Source material section start
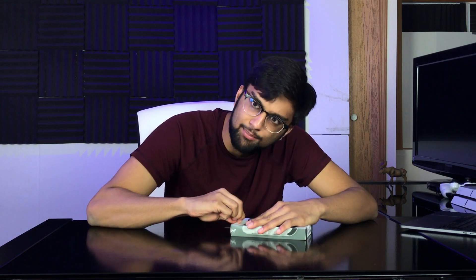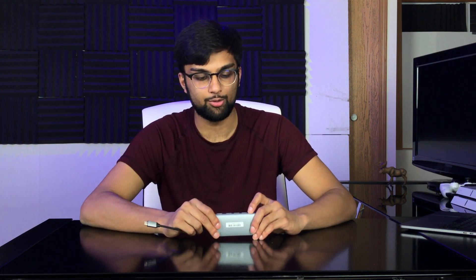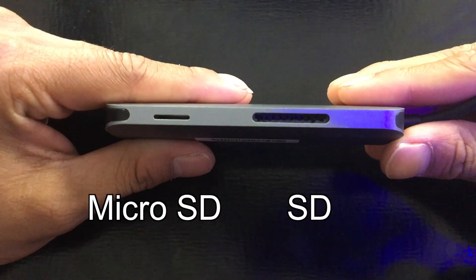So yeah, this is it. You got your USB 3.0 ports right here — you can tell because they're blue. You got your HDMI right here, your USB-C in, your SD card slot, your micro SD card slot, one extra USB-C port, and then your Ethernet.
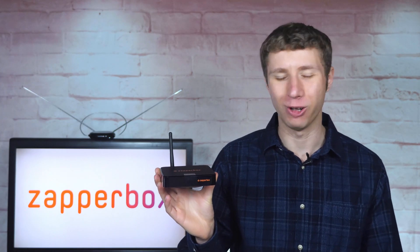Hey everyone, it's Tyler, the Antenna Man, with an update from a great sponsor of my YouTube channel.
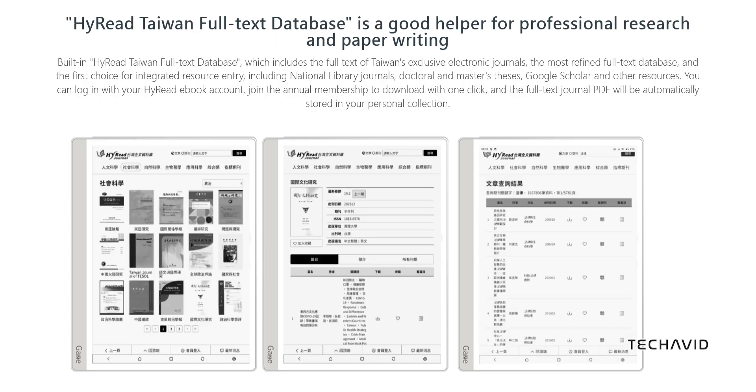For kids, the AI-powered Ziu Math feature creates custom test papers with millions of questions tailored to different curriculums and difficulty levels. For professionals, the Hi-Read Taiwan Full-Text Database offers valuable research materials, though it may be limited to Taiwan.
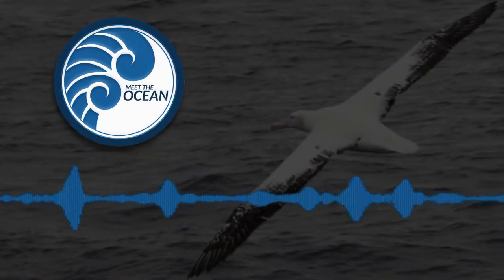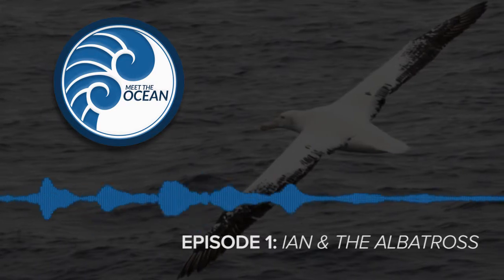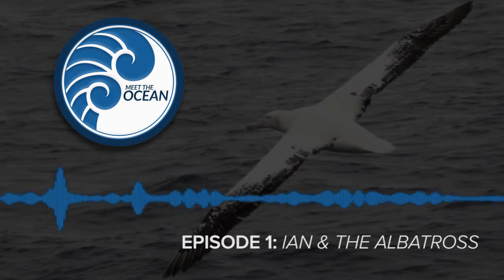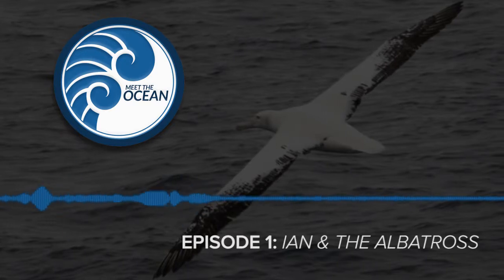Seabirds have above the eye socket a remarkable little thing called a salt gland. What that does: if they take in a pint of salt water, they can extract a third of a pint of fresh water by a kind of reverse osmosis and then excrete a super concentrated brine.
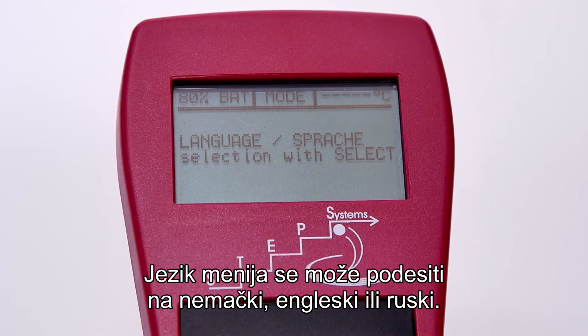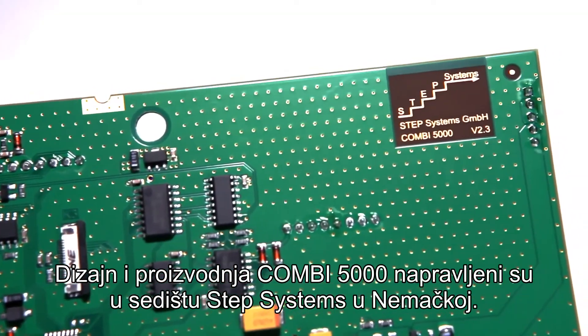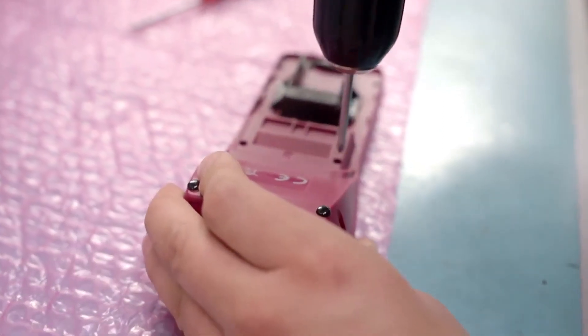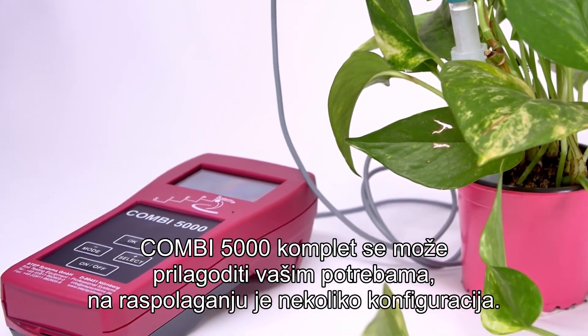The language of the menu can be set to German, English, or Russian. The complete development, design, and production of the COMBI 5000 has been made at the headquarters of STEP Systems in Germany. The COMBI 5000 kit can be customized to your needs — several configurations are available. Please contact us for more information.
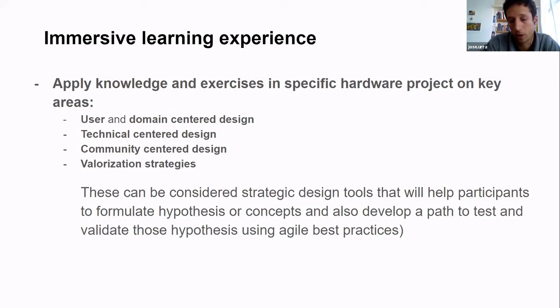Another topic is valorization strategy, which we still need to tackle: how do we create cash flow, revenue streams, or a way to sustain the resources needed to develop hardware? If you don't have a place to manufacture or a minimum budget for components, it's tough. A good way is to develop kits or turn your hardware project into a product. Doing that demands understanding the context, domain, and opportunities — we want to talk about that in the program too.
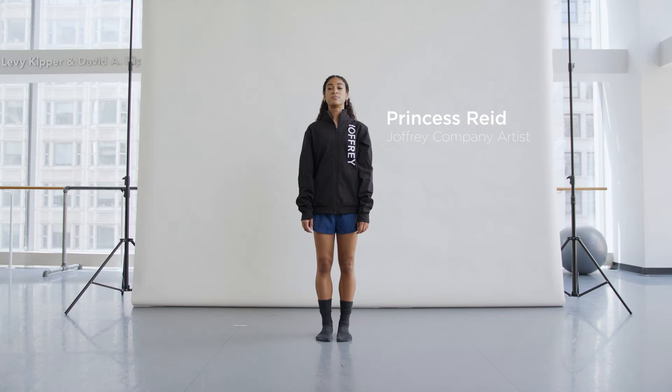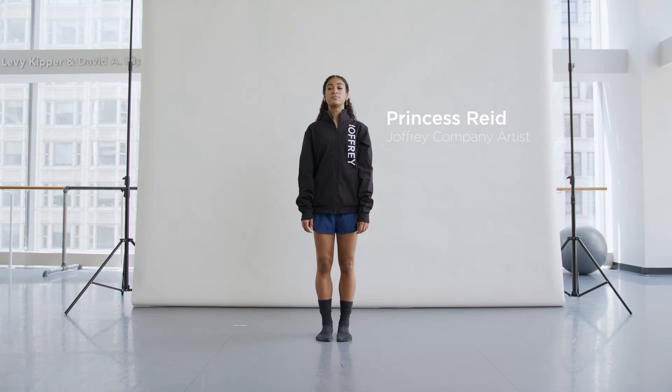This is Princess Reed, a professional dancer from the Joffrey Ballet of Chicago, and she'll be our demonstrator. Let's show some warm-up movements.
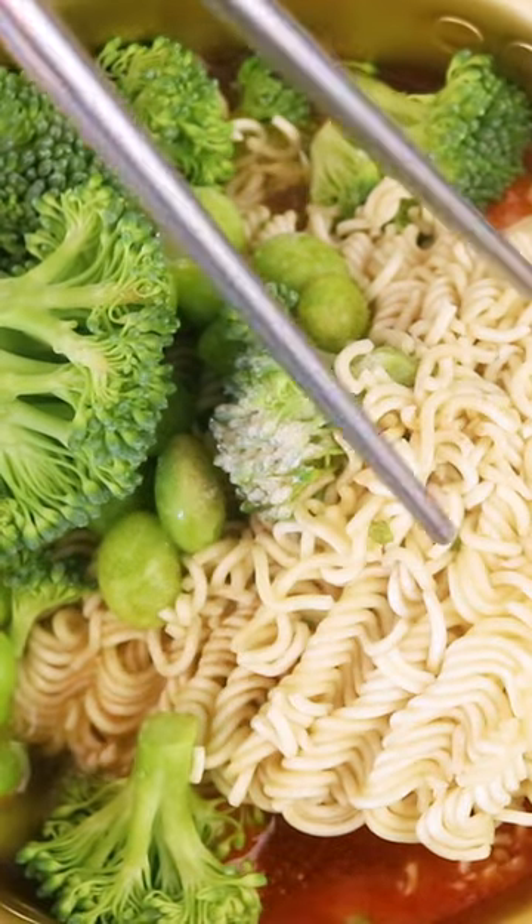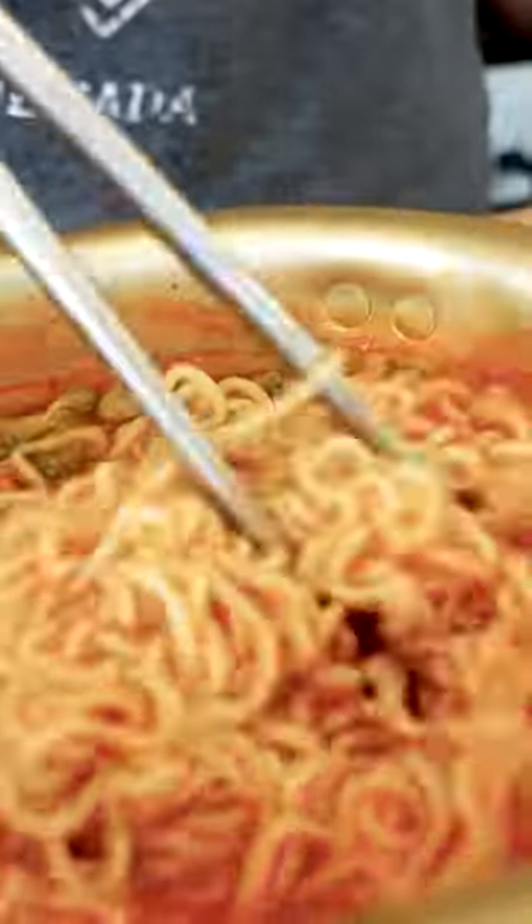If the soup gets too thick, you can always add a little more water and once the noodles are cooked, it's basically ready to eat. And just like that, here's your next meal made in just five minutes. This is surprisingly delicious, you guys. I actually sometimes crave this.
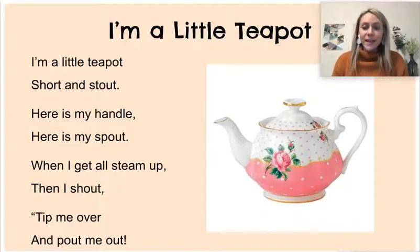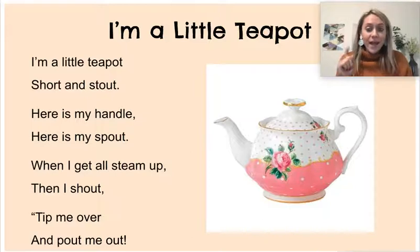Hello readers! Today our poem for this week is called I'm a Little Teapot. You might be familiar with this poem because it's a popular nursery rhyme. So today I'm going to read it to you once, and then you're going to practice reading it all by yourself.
Source material section end
What to work on
The copy should hold only the lines from the one with "For kids, the" through the one with "The language of", exactly as they stand above. Leave out the pictures.

Result
For kids, the AI-powered Ziu Math feature creates custom test papers with millions of questions tailored to different curriculums and difficulty levels. For professionals, the Hi-Read Taiwan Full-Text Database offers valuable research materials, though it may be limited to Taiwan.
Seabirds have above the eye socket a remarkable little thing called a salt gland. What that does: if they take in a pint of salt water, they can extract a third of a pint of fresh water by a kind of reverse osmosis and then excrete a super concentrated brine.
The language of the menu can be set to German, English, or Russian. The complete development, design, and production of the COMBI 5000 has been made at the headquarters of STEP Systems in Germany. The COMBI 5000 kit can be customized to your needs — several configurations are available. Please contact us for more information.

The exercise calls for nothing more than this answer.